This Is Our Music is the fifth album by saxophonist Ornette Coleman, recorded in 1960 and released on Atlantic Records in March 1961. It is the first with drummer Ed Blackwell replacing his predecessor Billy Higgins in the Coleman Quartet, and is the only one of Coleman's Atlantic albums to include a standard, in this case a version of "Embraceable You" by George and Ira Gershwin.

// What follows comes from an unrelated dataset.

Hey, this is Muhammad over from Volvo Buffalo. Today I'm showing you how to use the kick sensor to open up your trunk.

Two recording sessions for the album took place in July and one in August 1960 at Atlantic Studios in New York City. The seven selections for this album were culled from 23 masters recorded over the three sessions. The 16 outtakes from the two July sessions would later appear on the 1970s compilations The Art of the Improvisers, Twins, and To Whom Who Keeps A Record, along with the 1993 box set Beauty Is A Rare Thing, named for a track on this album. Coleman was evidently pleased with the recordings, stating: "In July, 1960... we did thirty tunes in three weeks. All originals. Everything I've ever recorded has been a piece of my own. Until I heard these last tapes, I hadn't realized all the different approaches we'd been developing in the past few months. I think the new albums will give the public and the musicians a more accurate idea of what we're trying to do."

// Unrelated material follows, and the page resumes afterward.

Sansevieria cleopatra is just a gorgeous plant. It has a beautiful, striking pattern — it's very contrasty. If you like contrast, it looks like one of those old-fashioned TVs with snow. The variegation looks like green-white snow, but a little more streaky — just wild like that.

In his liner notes, Coleman was careful to place his music in historical context, writing:

the most important part of our music is the improvisation, which is done as spontaneously as possible, with each man contributing his musical expression to create the form. Now - let's look back. Group improvisation is not new. In early jazz, that kind of group playing was known as Dixieland. In the swing era, the emphasis changed and improvisation took the form of solos based on riffs. In modern jazz, improvisation is melodic and harmonically progressive. Now we are blending the three together to create and give more freedom to the player and more pleasure to the listener.

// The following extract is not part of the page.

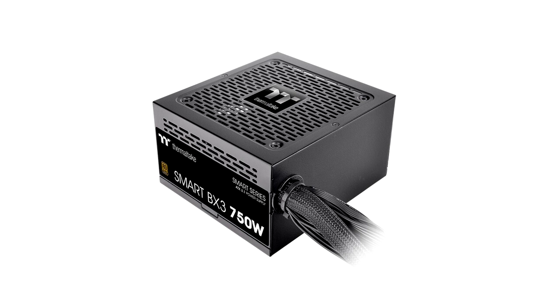High Quality 105 degrees Celsius / 221 degrees Fahrenheit Main Capacitor: the high-quality main capacitor greatly improves the power supply's durability and ensures the Smart BX3 Series is stable and reliable. High Amperage Single +12V Rail in DC-to-DC Design: the powerful single +12V rail can properly deliver the power you need for best compatibility. The use of DC-to-DC circuit design provides very stable operation and enhanced voltage regulation.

He also paid tribute to his bandmates, writing: "The experience of playing with these men is unexplainable and I only know that what they know is far beyond a technical explanation for me to convey to you." He concluded the notes by writing: "Since there isn't too much I haven't told you about my music, I really told you about myself through it. The other autobiography of my life is like everyone else's. Born, work, sad and happy and etc. We do hope you enjoy our music."

Reception
In a review for AllMusic, Steve Huey noted that the word "our" in the title of the album "makes clear just how important the concept of group improvisation was to Coleman's goals. Anyone can improvise whenever he feels like it, and the players share such empathy that each knows how to add to the feeling of the ensemble without undermining its egalitarian sense of give and take." He wrote: "All in all, This Is Our Music keeps one of the hottest creative streaks in jazz history going strong." Mark Richardson of Pitchfork stated: "What amazes me about this era of Coleman... is how accessible it is. Back in the day, this band had the intelligentsia calling for Coleman to be fitted for a straightjacket, but to one weaned on the 60s Impulse! catalog, the music sounds joyous, pretty, sensible and sane." He wrote that "[t]he uptempo tracks here are teeming with life" and noted that "sporadic surges in tempo are early experiments in elastic time (a trend that would be explored at great length as the 60s progressed), and these bursts of energy make these pieces seem, well, bountiful." He concluded by stating that, on this album, Coleman's music "just sounds exceptionally fresh and timeless."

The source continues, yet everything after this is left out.